■ WHAT IS REQUIRED ■
Pictures in the records below must be left out. Return exactly the lines from the line with "Villa, Kaptensgatan 17, Skillinge, Simrishamn" to the line with "AY(AS ONE) 25x210mm c[z_[ EA925MR-6 F1", both included.

[Image-caption web data]
+-------+

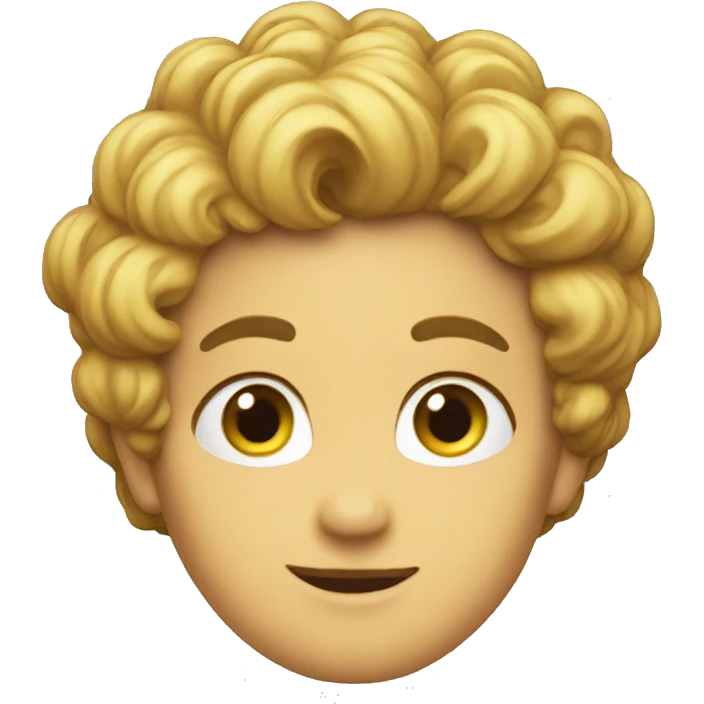 Caras emoji
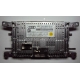 LCD Screen Panel LAJ065T001A پنل صفحه نمایشگر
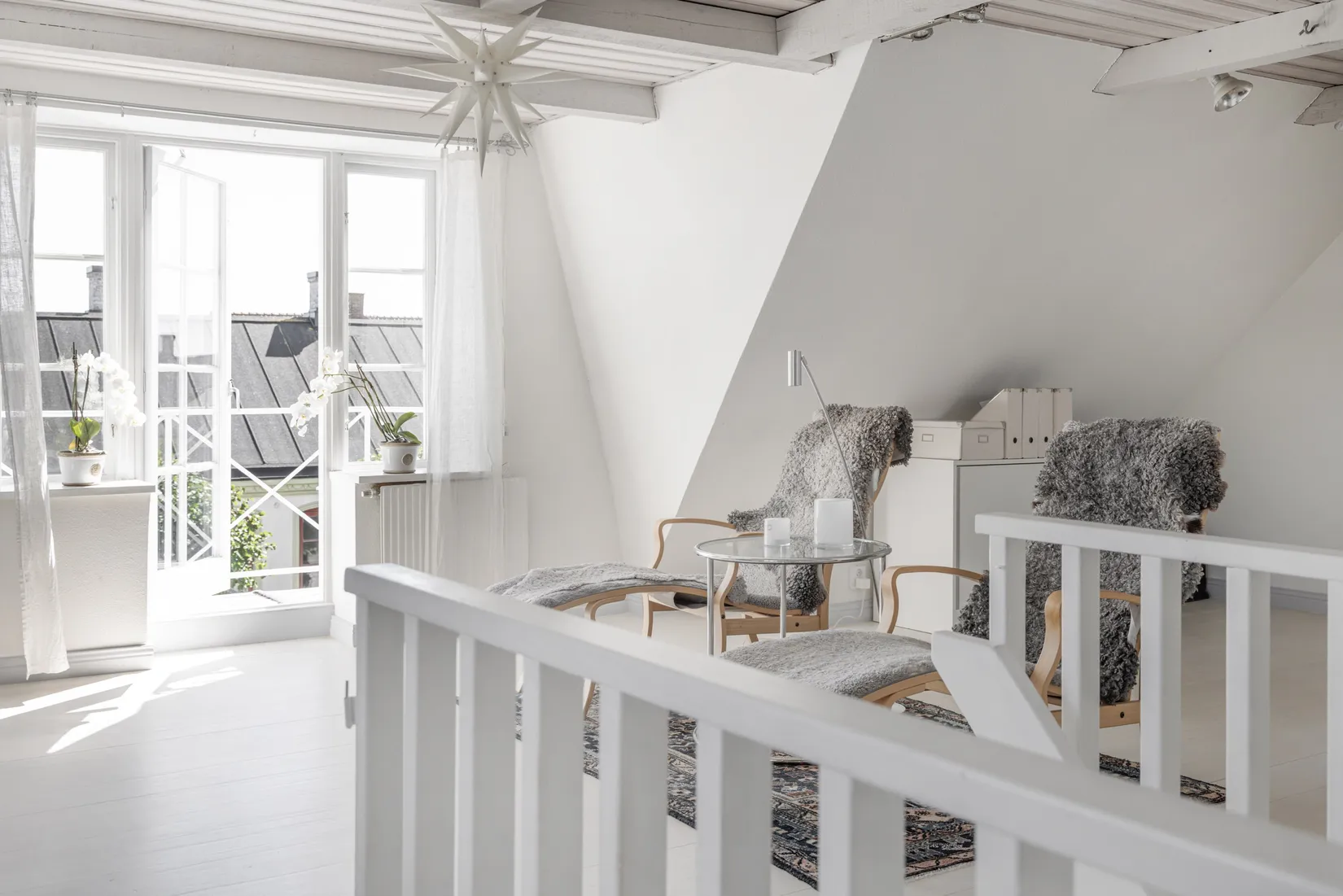 Villa, Kaptensgatan 17, Skillinge, Simrishamn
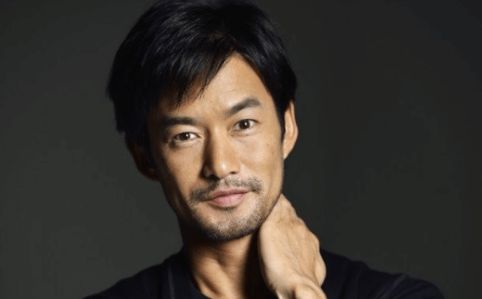 木村拓哉越老越帅!8位<a href=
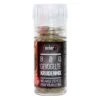 Weber BBQ Poultry Spice Mix Kruidenmolen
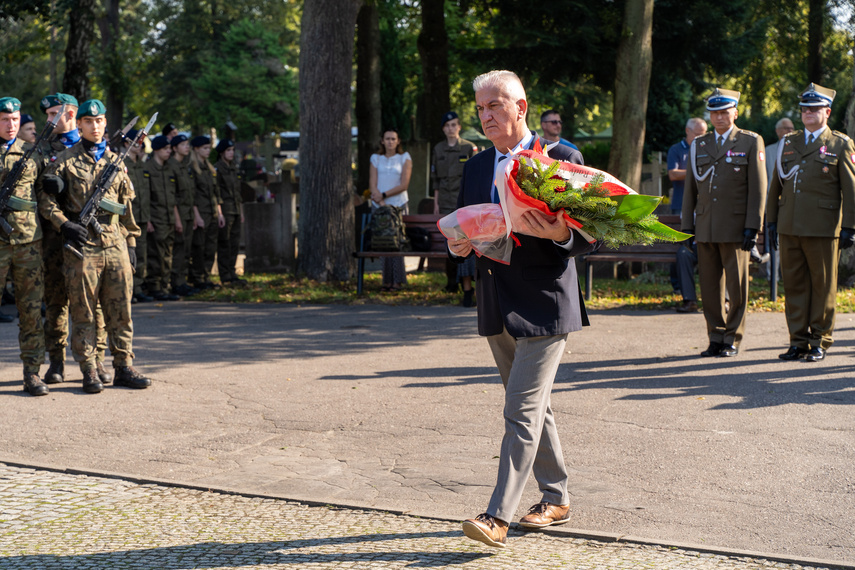 17 września, 85 lat temu… zdjęcie nr 315475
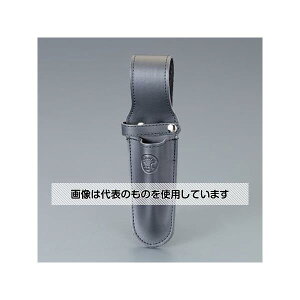 AY(AS ONE) 25x210mm c[z_[ EA925MR-6 F1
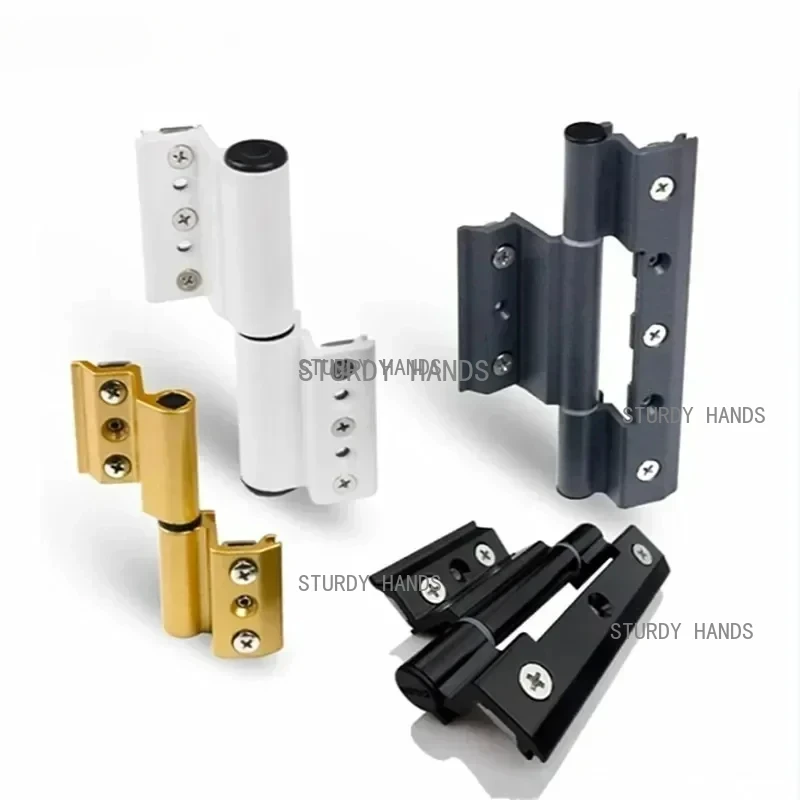 Charnière de porte et fenêtre  - Furniture Hardware Hinges avis et prix
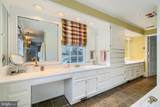 227 Greenspring Valley Road - Photo 55
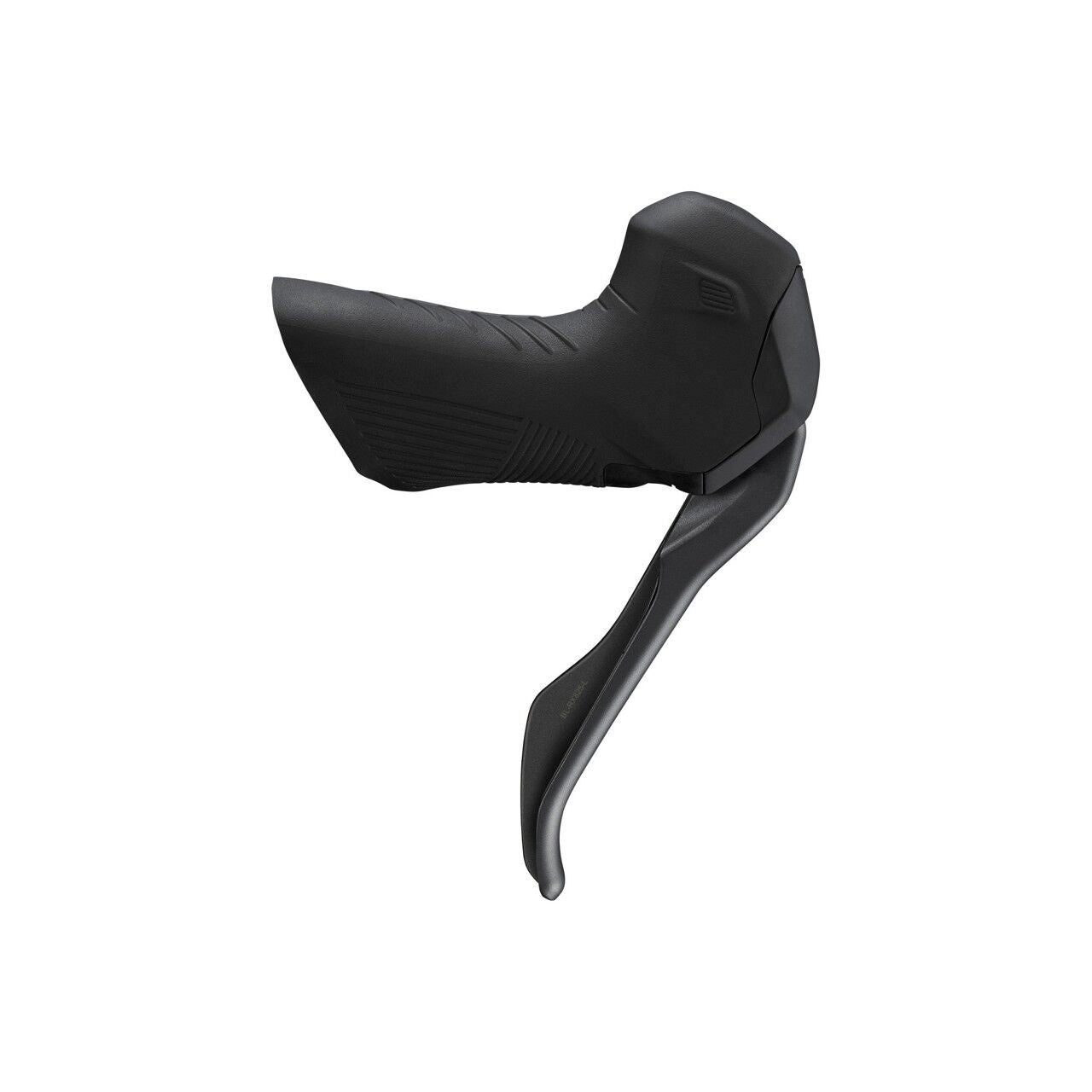 Shimano GRX BL-RX825-L 1V left hydraulic control lever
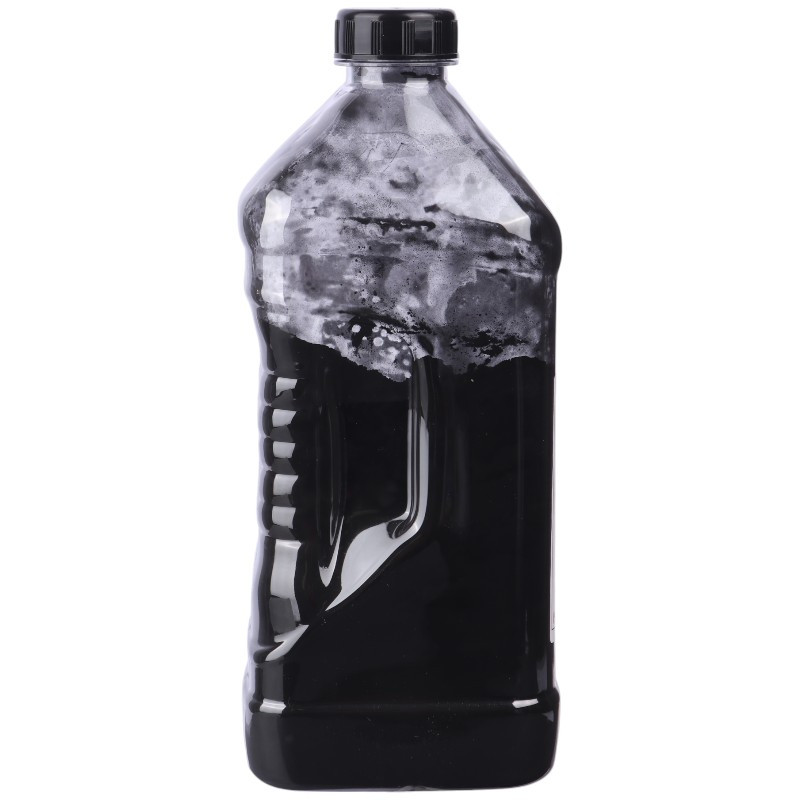تونر شارژ آلفا Alfa 1000g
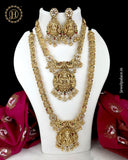 Beautiful Antique Combo JH3881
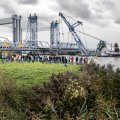 IMG_1480057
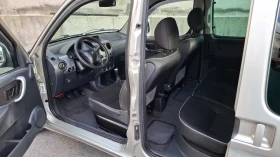 Peugeot Partner 1.6 hdi | Mobile.bg � ����� ������ 6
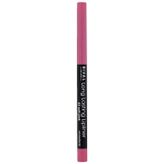 Rival de Loop No:03 Soft Pink Kalıcı Dudak Kalemi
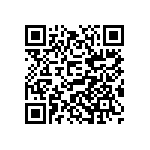 ABM8W-33-8680MHZ-8-J1Z-T3 QRCode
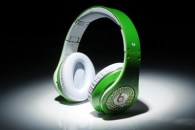 Monster Beats By Dr Dre Studio (277)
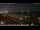 Webcam in Savona, 17.3 km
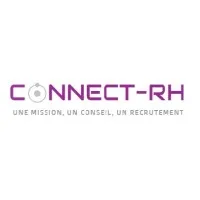 CONNECT-RH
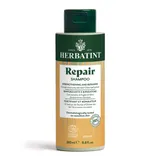 Herbatint Repair Shampoo
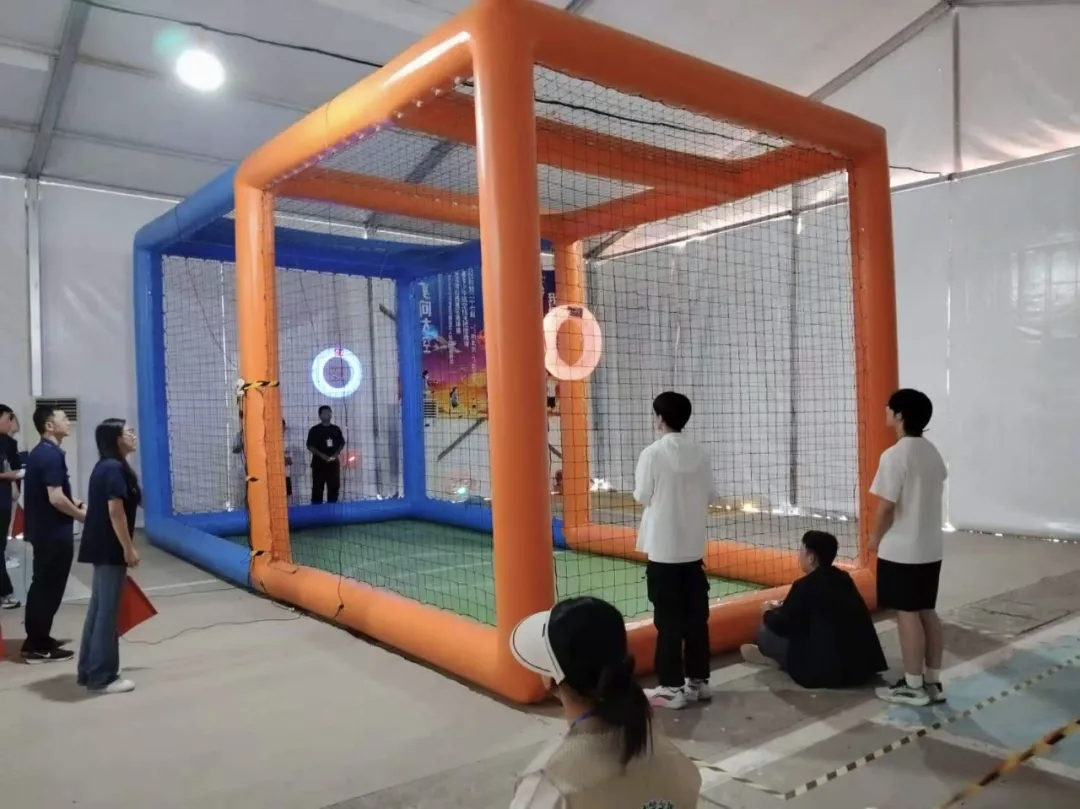 配图3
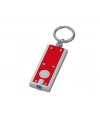 keychain-torch LED keychain-torch LED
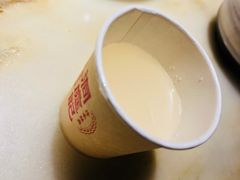 -洞庭记·老湖南味道(下沙店)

+-------+

■ TASK RESPONSE ■
 Villa, Kaptensgatan 17, Skillinge, Simrishamn
 木村拓哉越老越帅!8位<a href=
 Weber BBQ Poultry Spice Mix Kruidenmolen
 17 września, 85 lat temu… zdjęcie nr 315475
 AY(AS ONE) 25x210mm c[z_[ EA925MR-6 F1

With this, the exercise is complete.